俺を見たクラスメイト達が、舌打ちや嘲笑を向けてくる。


だが、自分達との格の違いすら分らない、哀れな者達がする児戯に、もう俺はいちいち反応しない。


枯れかけの花に回復魔法を掛けてやり、そのまま机上に置いて授業を受けた。


尤も、教師達の話など聴いてはいない。


この学院に入る際、理事長から制服と共に支給された、各科目の教科書を読んでいただけだ。


俺にとっては無意味でも、自分達の授業で堂々と居眠りをされれば、それは教師達だって面白くはないだろう。


授業の邪魔にならないことは勿論、徒に他者を刺激する事なく、静かに座っているだけでも、これ以上の好感度の低下は抑えられるはずだ。


まあ、既に下へと振り切っているのかもしれないがな。


【賢者】の恩恵で、俺は1度読んだ内容を忘れることはない。


連日の濫読で、つまらない本を読むことにも抵抗がなくなっている。


5日もすると、各教科3冊以上はある1年分の教材を全て読み終え、図書館から借りた様々な本を読んで過ごすようになる。


本を返却する際に、担当職員が『どうせろくに読んでいないんでしょ』という顔をするのにも慣れた。


俺が借りた本を、いちいち書棚に戻す作業すら億劫おっくうなのかもしれないが、それもお前達の仕事の内だろ?


たとえ内心では面白くなくても、プロなら相手に分るほど顔に出すなと言いたい。



 午後の実技の時間では、どうせ拒絶されるからと、初めの数回しか顔を見せなかったが、とりあえず参加だけはしておいた。

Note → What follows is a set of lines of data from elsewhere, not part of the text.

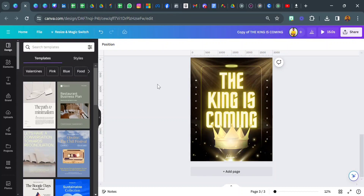Hello everyone and welcome to another tutorial. My name is Kalechi Augustin Okori and I'm a Canva expert. I promised to show you guys how I was able to create this beautiful design. It's not difficult — it's something that everybody can do, but if I don't show you how to do it, you might not be able to do it.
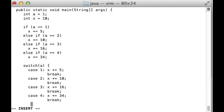Since the if statements above don't have any plain else statement, there is no need to put a default case over here, but it's always good practice to put a default case for switch statements. So let's just add one and just have x add zero to itself.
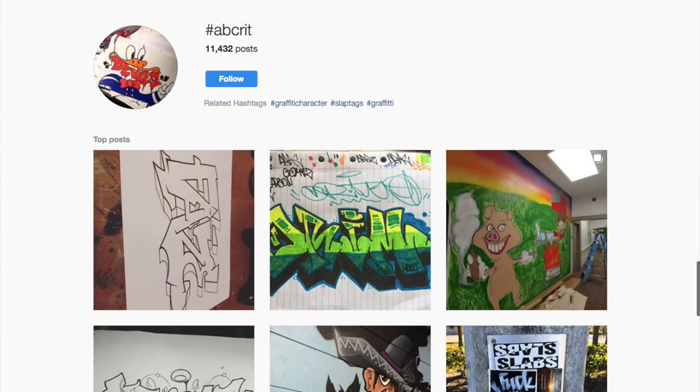Now, with that said, if you guys wanna be in on these critique videos, they're great for the community, they're really good fun. All you gotta do is use the hashtag ABCrit on your Instagram post, and that's it.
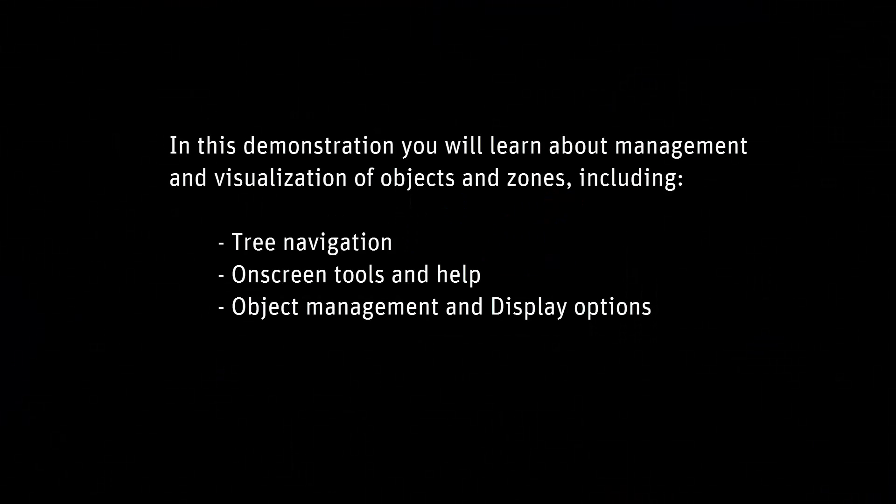In this demonstration, you'll learn management and visualization options for objects and zones in Fluent Meshing.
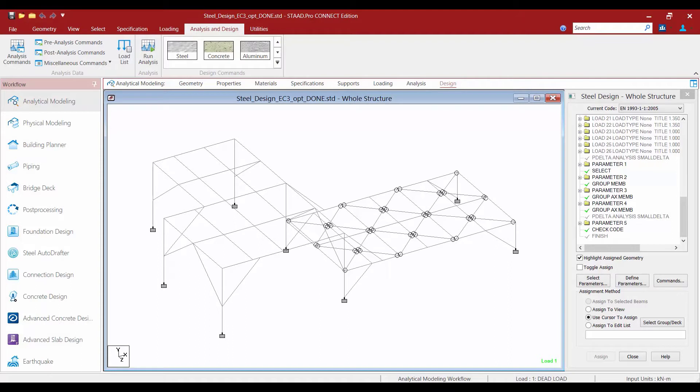Welcome to the Bentley Systems training course where you will learn how to optimize steel structures in STAD Pro Connect Edition using the Eurocode EN1993. In this video we are going to be focusing on performing the design and optimization and reviewing the results in the output file and the post processor.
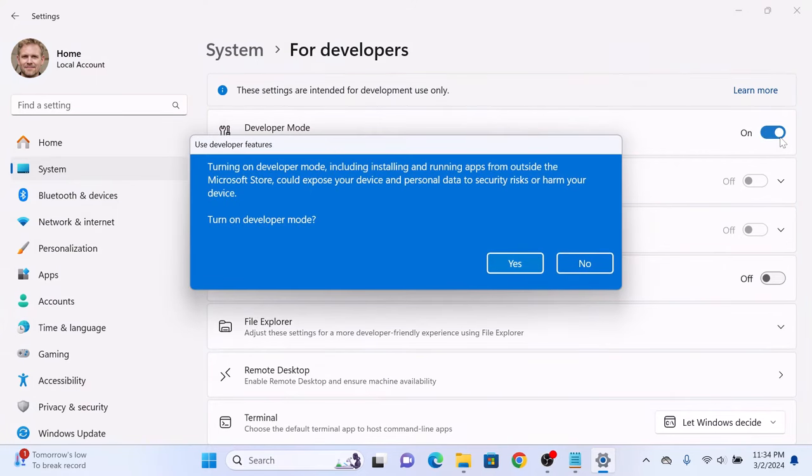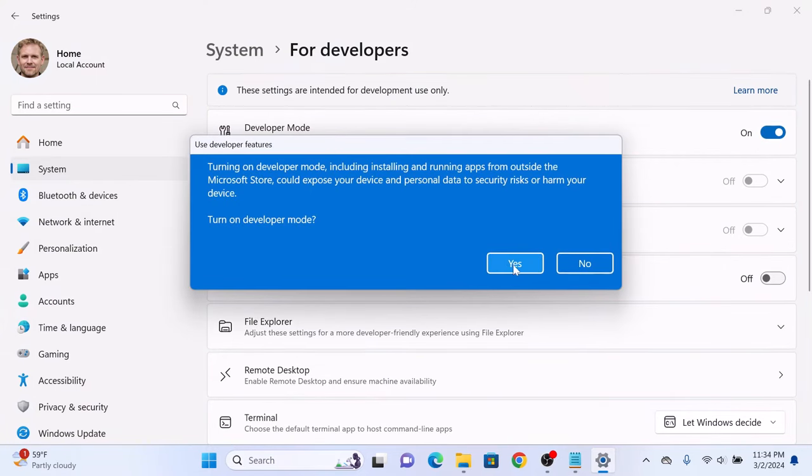You may be prompted to confirm your action. Click yes. So, there you have it. You have successfully enabled developer mode in Windows 11. Thanks for watching.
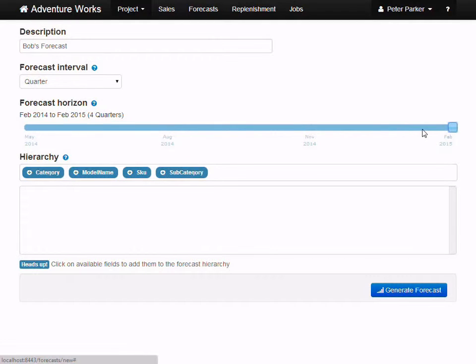We'll discuss that further in later videos on inventory planning, but for the time being, you can just leave this 12 months.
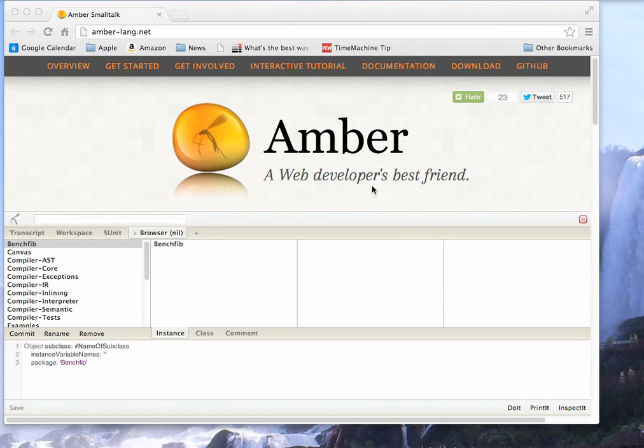Welcome to another edition of Small Talk for You. This morning I thought we'd take another look at Amber since Amber has come along quite a way since I last looked at it.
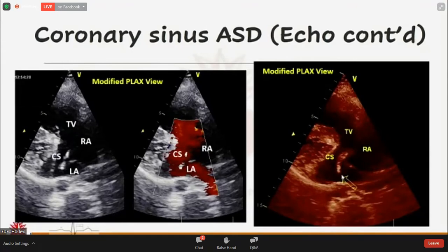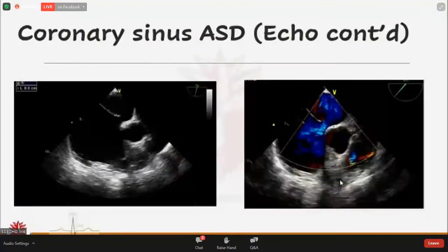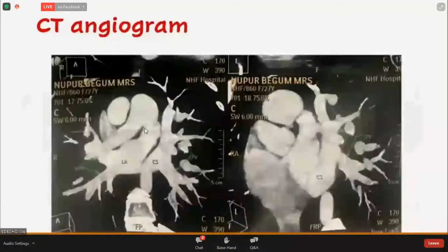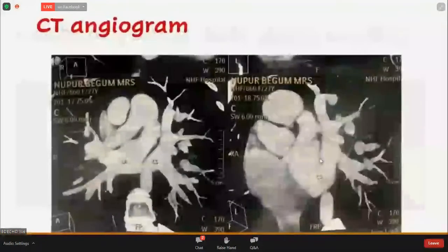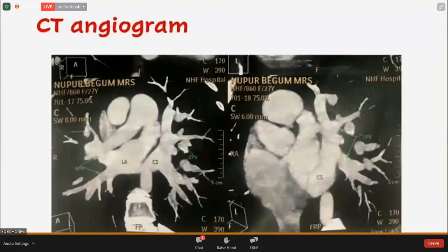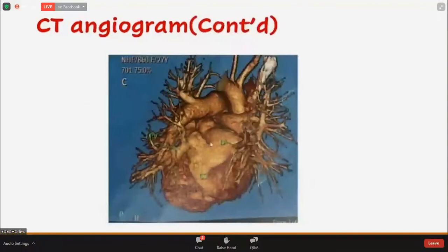There is a 2D gap in the proximal portion of the coronary sinus. Transesophageal echocardiography confirmed the small secundum ASD with left-to-right shunt. We performed a CT angiogram which confirmed the communication between the left atrium and the coronary sinus, and also the left-sided pulmonary vein draining into the coronary sinus. The 3D reconstructed CT angiogram further confirmed these findings.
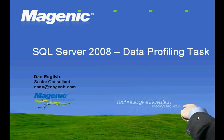My name is Dan English. I'm a Magenix Senior BI Consultant in the Minneapolis office. Today we're going to be taking a look at SQL Server 2008 data profiling task. This is a new task which is part of Integration Services. This demonstration is going to be using the February 2008 CTP of SQL Server.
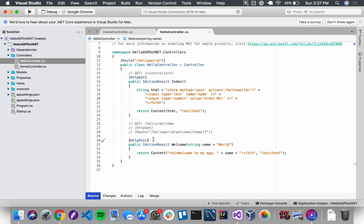It is very possible for the welcome method to respond to both a POST request at slash helloworld and GET requests at slash helloworld slash welcome. We're going to make that happen. I can just leave HttpPost, that attribute on line 30 where it is, it is perfect.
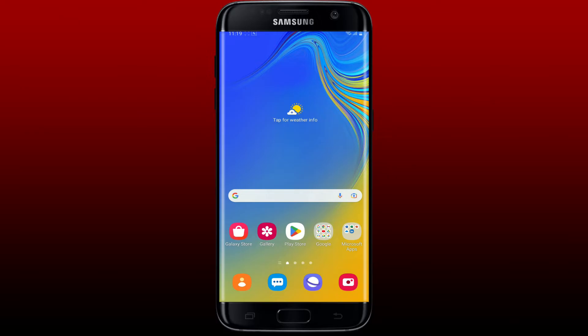Hello everyone, welcome back to WebTech Tutorial. In today's video, I'm gonna show you how to fix Coinbase app login problem. If you're experiencing login problems with the Coinbase application on your Android device, here are a few things you can try to resolve the issue.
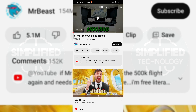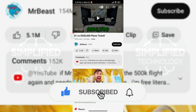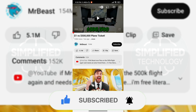That concludes this tutorial. If you have any questions about the process, please leave them in the comments section below. If this video has been helpful to you, please give it a big thumbs up and subscribe to this channel for more tutorial videos like this one. Thank you for watching and have a great day!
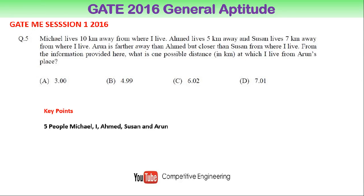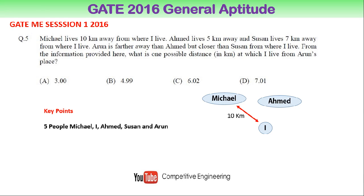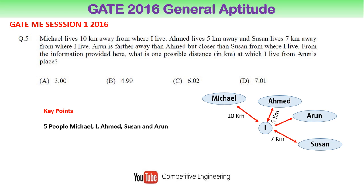The five people are: Michael, me, Ahmad, Susan, and Arun. Let me show it with a diagram. I keep 'me' at the center. The first person, Michael, is living at a distance of 10 km. The second person, Ahmad, lives 5 km away. The third person, Susan, lives 7 km away. For Arun, the distance is not given — that is what we want to find out. Arun is living at a distance denoted by a question mark.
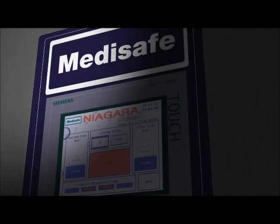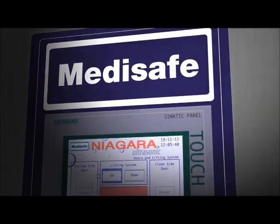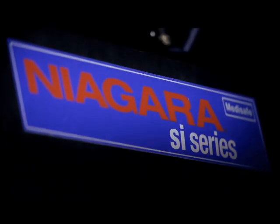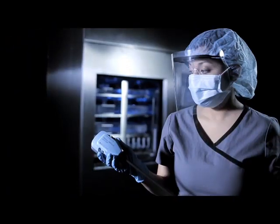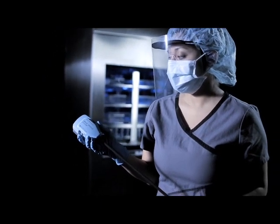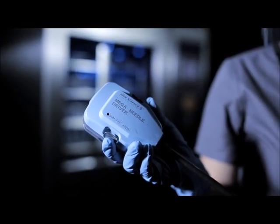When cutting-edge surgical technologies require revolutionary cleaning and disinfection, innovation is born. Introducing the next generation of pass-through washer disinfector systems: the MediSafe SI Niagara, the first in class DaVinci validated pass-through washer disinfector system with three-in-one cleaning technology, expertly designed.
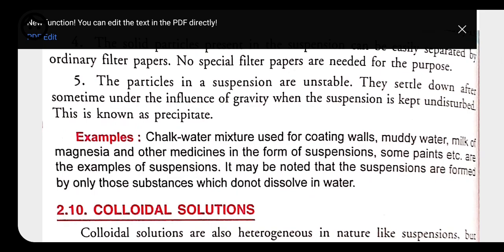Examples of suspension include chalk-water mixture, muddy water, milk of magnesia — which is a medicine used for indigestion — and some paints. Suspensions are formed only by those substances which do not dissolve in water. If a substance dissolves in water, it is a true solution. If it does not dissolve, only then it is called a suspension.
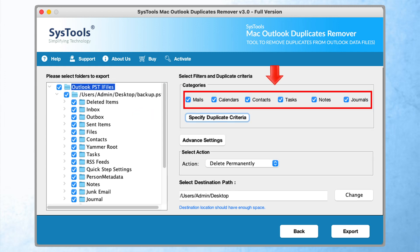Now on the parallel side of the software panel, in select filter and duplicate criteria categories, there are a few options such as mails, calendars, contacts, task notes, and journals.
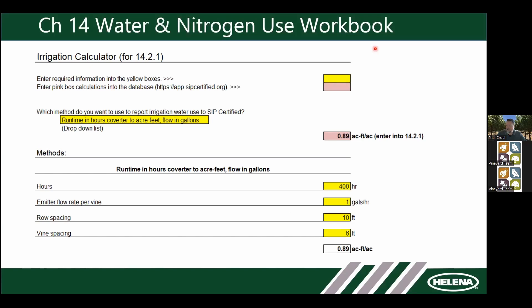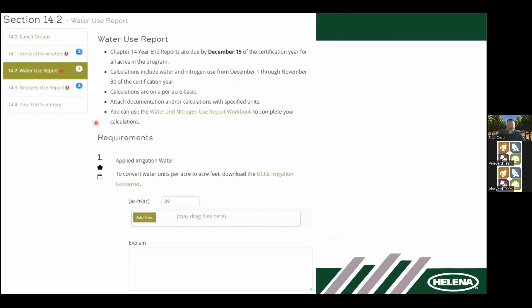Because I'm running multiple screens I can't always see questions, so please type them in the chat box and we'll capture them at the end. In our example we entered 400 hours of irrigation, 1 gallon per hour emitter flow rate per vine, and 10 by 6 spacing — that came out to 0.89 acre feet per acre.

他の皆から距離を取り、1人だけ離れた場所で、他者が行っている実技の内容を眺める。


その内容が稚拙でも、余計なお世話だろうから、欠点を指摘したりはしない。


ただ黙って見学し、それぞれの戦い方、能力を把握しておく。


DとEが参加するこの合同クラスには、この世界の常識を知らなかった俺が迷惑をかけた者達はいないが、何かの役に立つ事もあるだろうから、暇潰しを兼ねて行っていた。



 それから1か月もすると、俺に対する噂はかなり弱まっていた。


俺が新たな問題行動を全く起こさなかったせいもあるが、国内屈指の名門校だけあって、上位クラスの生徒達は、いつまでもくだらない事に係わってはいなかった。


学期末試験が近付いていたせいもある。


さすがに1回だけの試験でその生徒が評価される訳ではないが、年間を通じて成績が良ければ上に上がれる半面、悪ければ、下のクラスに落とされる。


1番下のEクラスだけは、それ以上落ちようがないので、予め定められた総合点を下回れば退学になる。


俺の机に置かれていた花瓶も、いつの間にかなくなっていた。



 学期末、学年末試験には、ペーパー、実技、ダンジョン攻略の3種類がある。


なので試験が近付くと、それまで以上にダンジョンに潜る者の数が増えてくる。


この学院には初級、中級、上級の3つのダンジョンがあり、そこに入る分には1年時からでも可能だが、試験時以外で入ると、たとえ大怪我や死亡しても、全て自己責任扱いとなる。


初級だけは半ば人工的な産物で、元からあった洞窟に手を加え、スライムやゴブリン、オークなどを捉えてきては、そこで繁殖させて試験に利用していた。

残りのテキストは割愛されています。